● Input records
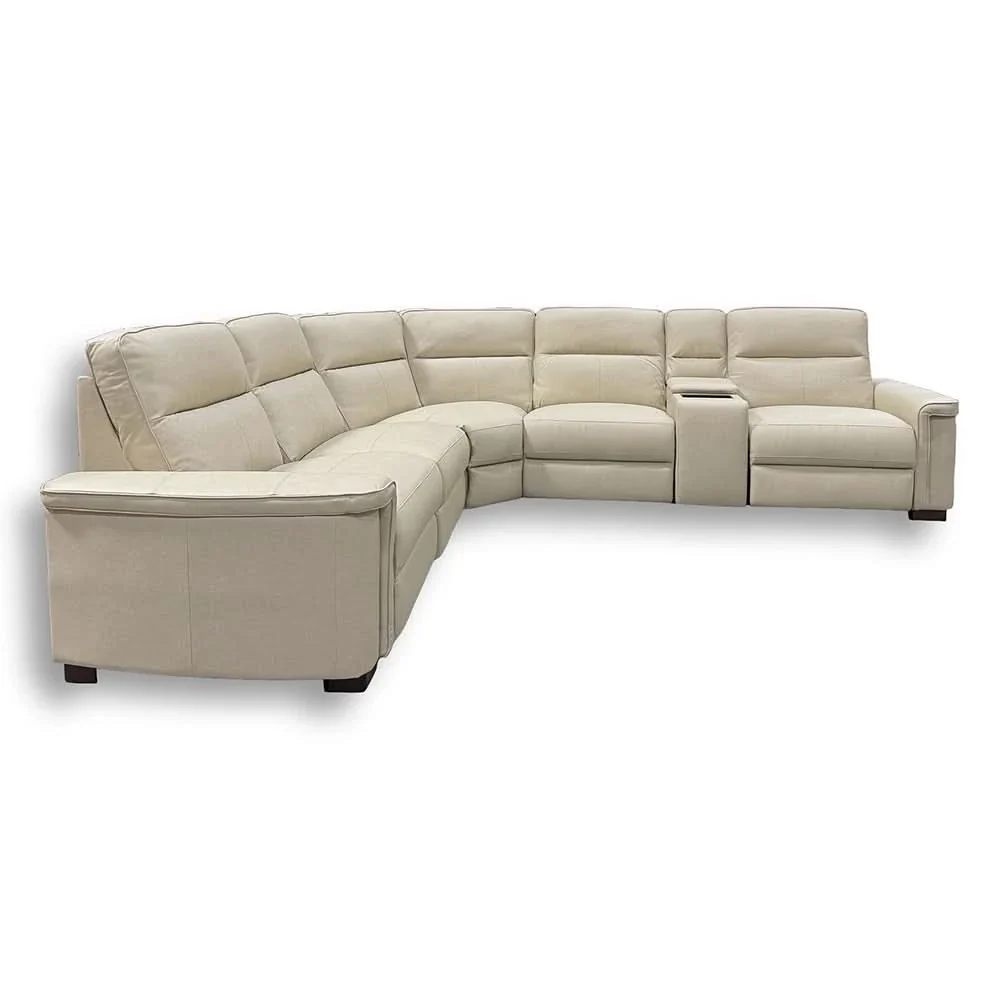 Syracuse Grey 5PC Leather Power Reclining Sectional with Console & Deep Comfort Seating - Image 2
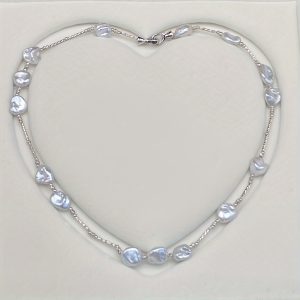 Elegant Freshwater Baroque Pearl Necklace with 925 Sterling Silver Double Clasp - Unique Trendy Design, No Plating, Gift-Ready Jewelry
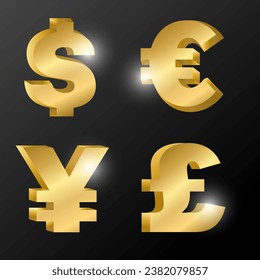 Currency symbols with gold 3d concept. dollar, euro, yuan, pound. vector
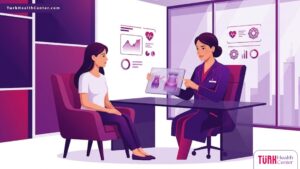 رسم توضيحي يظهر طبيباً يشرح ميزات شفط الدهون بالليزر في تركيا لمريضة داخل عيادة فاخرة بأسلوب فيكتور عصري 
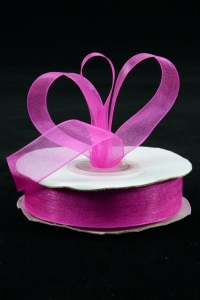 Organza Ribbon , Fuchsia, 5/8 Inch x 25 Yards (1 Spool) SALE ITEM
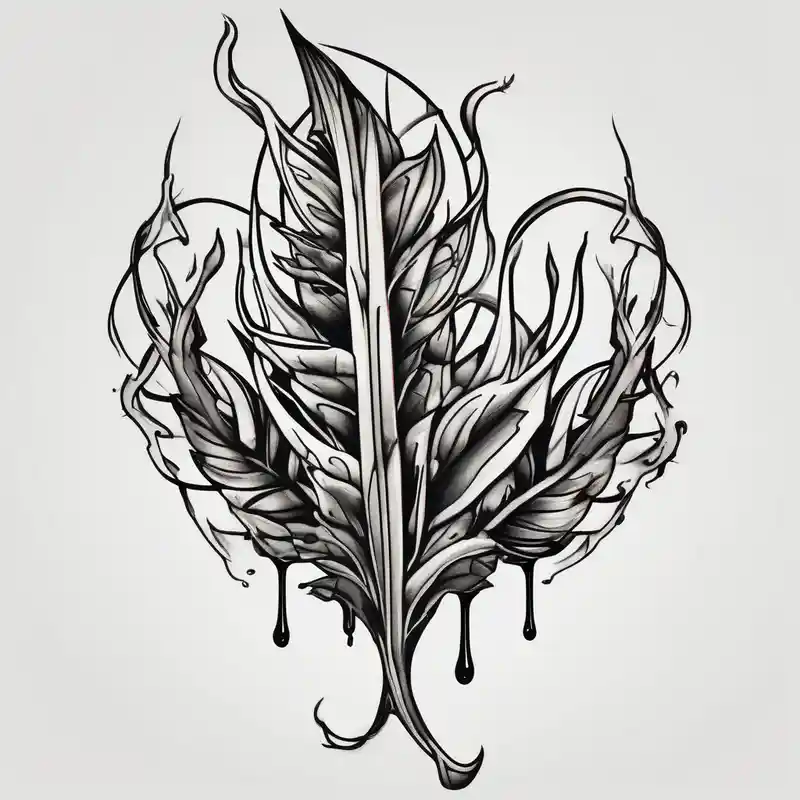 plant with long leaves, dripping like ink, growing from left foot to the cleavage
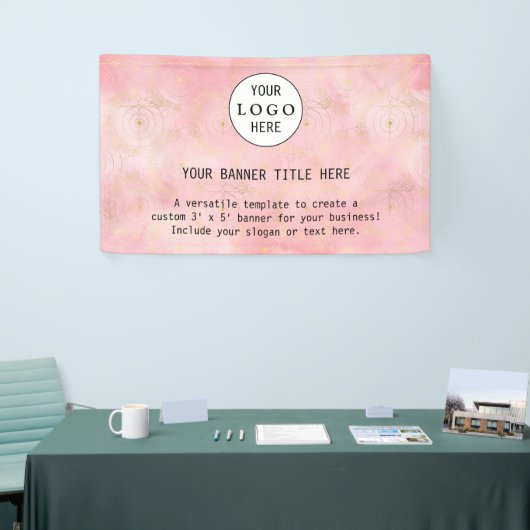 Banderoles Entreprise moderne Feminine Blush Rose Custom Logo (Salon professionnel)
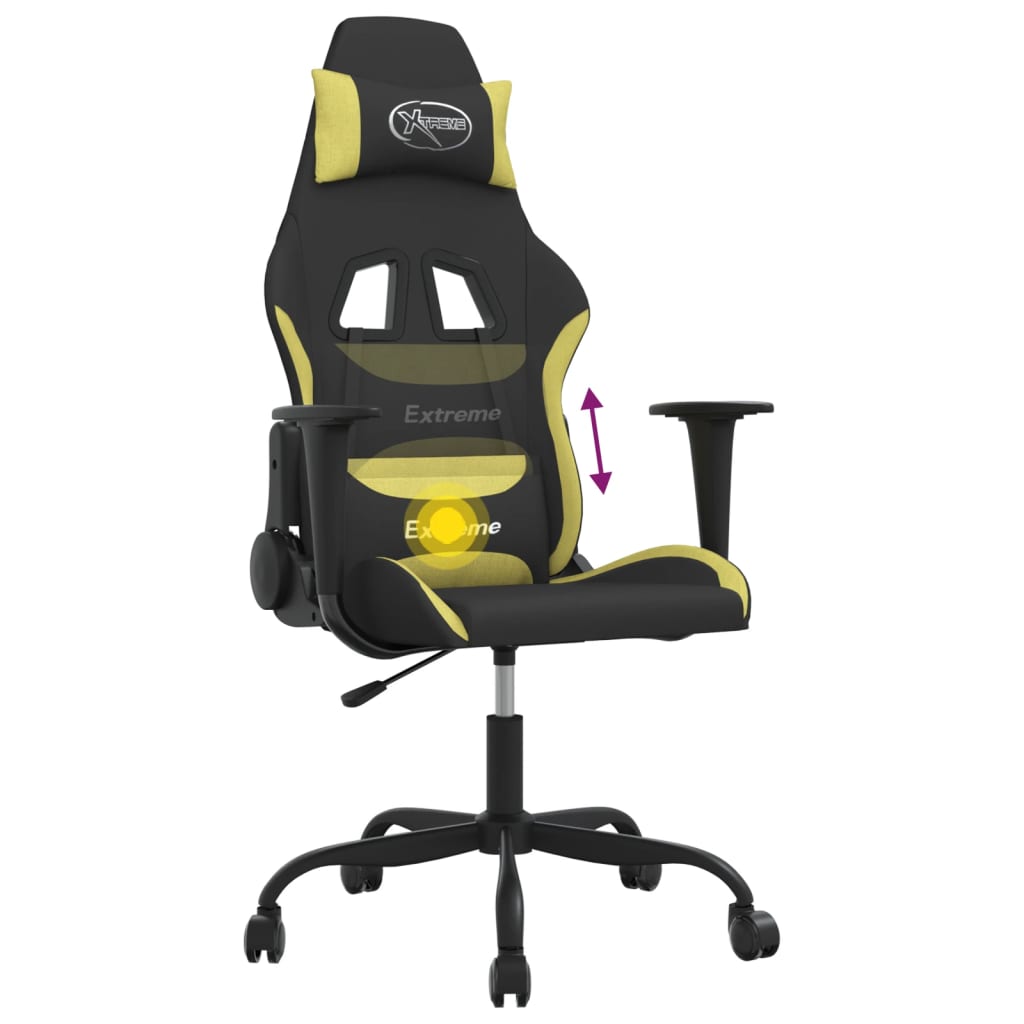 vidaXL Massage Gaming Chair Fabric Black and Light Green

● Problem details
For each record above, write out every line exactly and skip the pictures.

● Task solution
 Syracuse Grey 5PC Leather Power Reclining Sectional with Console & Deep Comfort Seating - Image 2
 Elegant Freshwater Baroque Pearl Necklace with 925 Sterling Silver Double Clasp - Unique Trendy Design, No Plating, Gift-Ready Jewelry
 Currency symbols with gold 3d concept. dollar, euro, yuan, pound. vector
 رسم توضيحي يظهر طبيباً يشرح ميزات شفط الدهون بالليزر في تركيا لمريضة داخل عيادة فاخرة بأسلوب فيكتور عصري 
 Organza Ribbon , Fuchsia, 5/8 Inch x 25 Yards (1 Spool) SALE ITEM
 plant with long leaves, dripping like ink, growing from left foot to the cleavage
 Banderoles Entreprise moderne Feminine Blush Rose Custom Logo (Salon professionnel)
 vidaXL Massage Gaming Chair Fabric Black and Light Green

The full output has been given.